[Dataset — start]

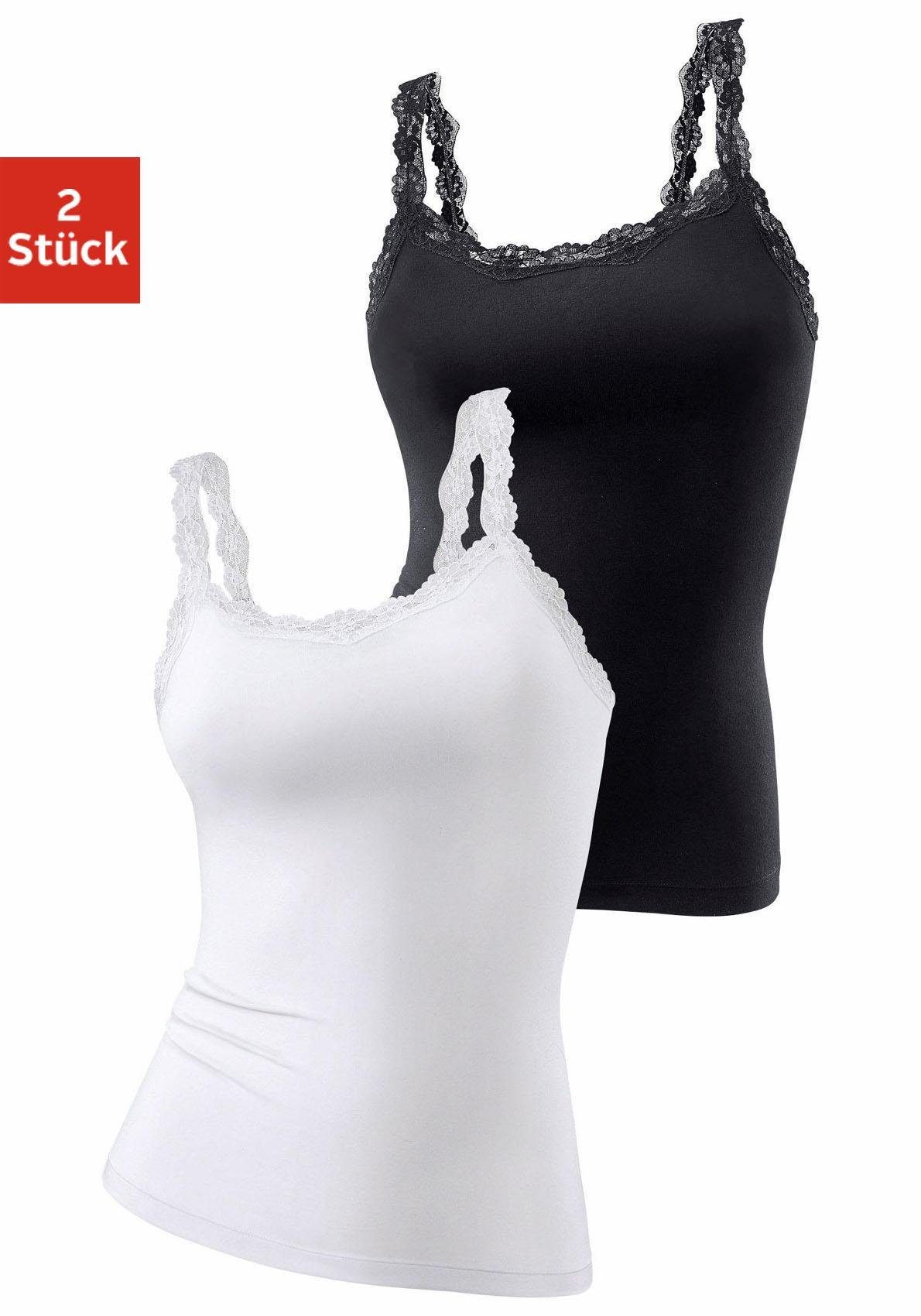 LASCANA Unterhemd (Packung, 2-St., 2er-Pack) mit innenliegendem Bustier, Spaghettiträger-Top, Unterziehshirt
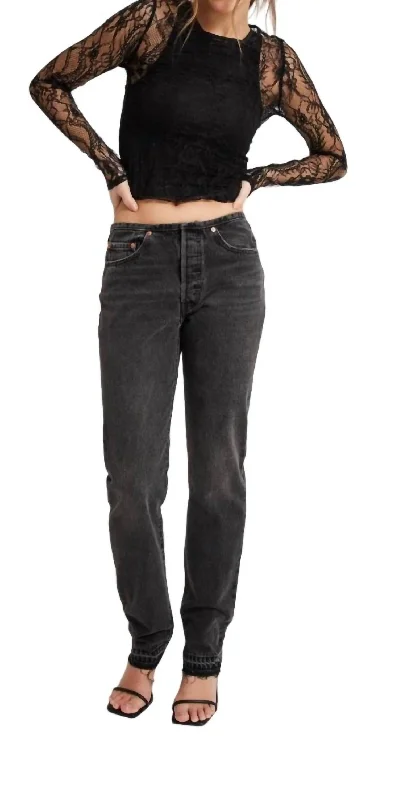 Smart casual tight trousers for women with cuffed ankle and tailored design -501 Mini Waist Jeans In Black Dest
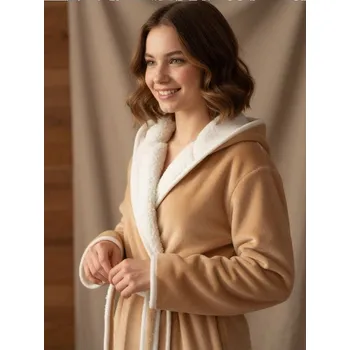 Dámská móda Sinsay - Župan s&nbsp;kapucí - béžová - 029GX-08X - 029GX-08X-S_M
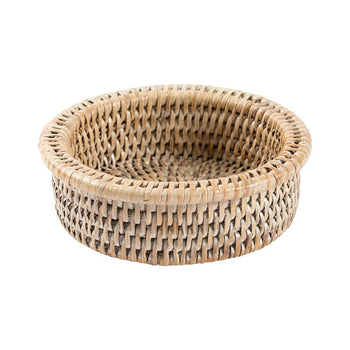 Caspari Wine Bottle Coaster - Rattan - White Natural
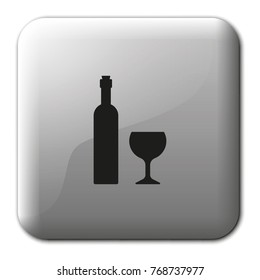 Wine bottle with glass flat vector icon.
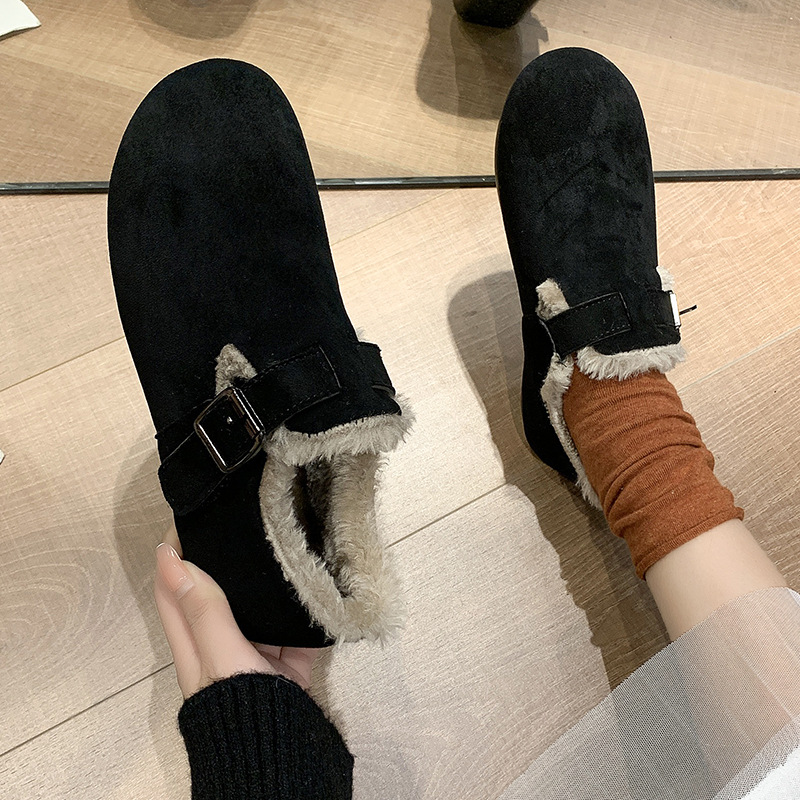 新款时尚短筒雪地靴女加绒短靴子冬季防滑一脚蹬丑萌低帮保暖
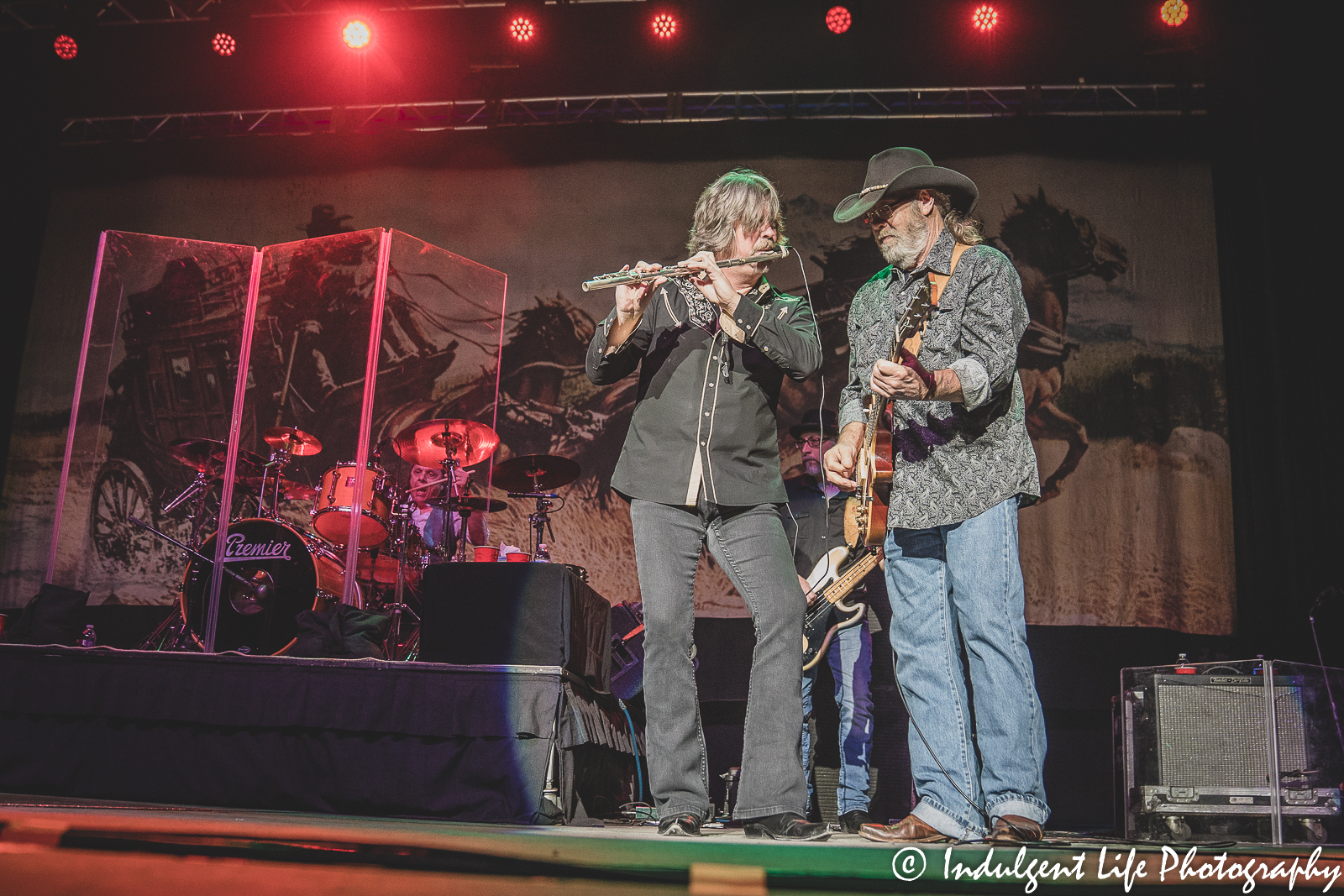 Marcus James Henderson, Rick Willis, Tony Black and B.B. Borden of The Marshall Tucker Band performing live in concert at Ameristar Casino in Kansas City, MO on October 28, 2022.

[Dataset — finish]

→ About this task
Nothing but the lines from the one holding "新款时尚短筒雪地靴女加绒短靴子冬季防滑一脚蹬丑萌低帮保暖" through the final line of the entries should be retyped, exactly as they stand and without pictures.

→ Result of the exercise
 新款时尚短筒雪地靴女加绒短靴子冬季防滑一脚蹬丑萌低帮保暖
 Marcus James Henderson, Rick Willis, Tony Black and B.B. Borden of The Marshall Tucker Band performing live in concert at Ameristar Casino in Kansas City, MO on October 28, 2022.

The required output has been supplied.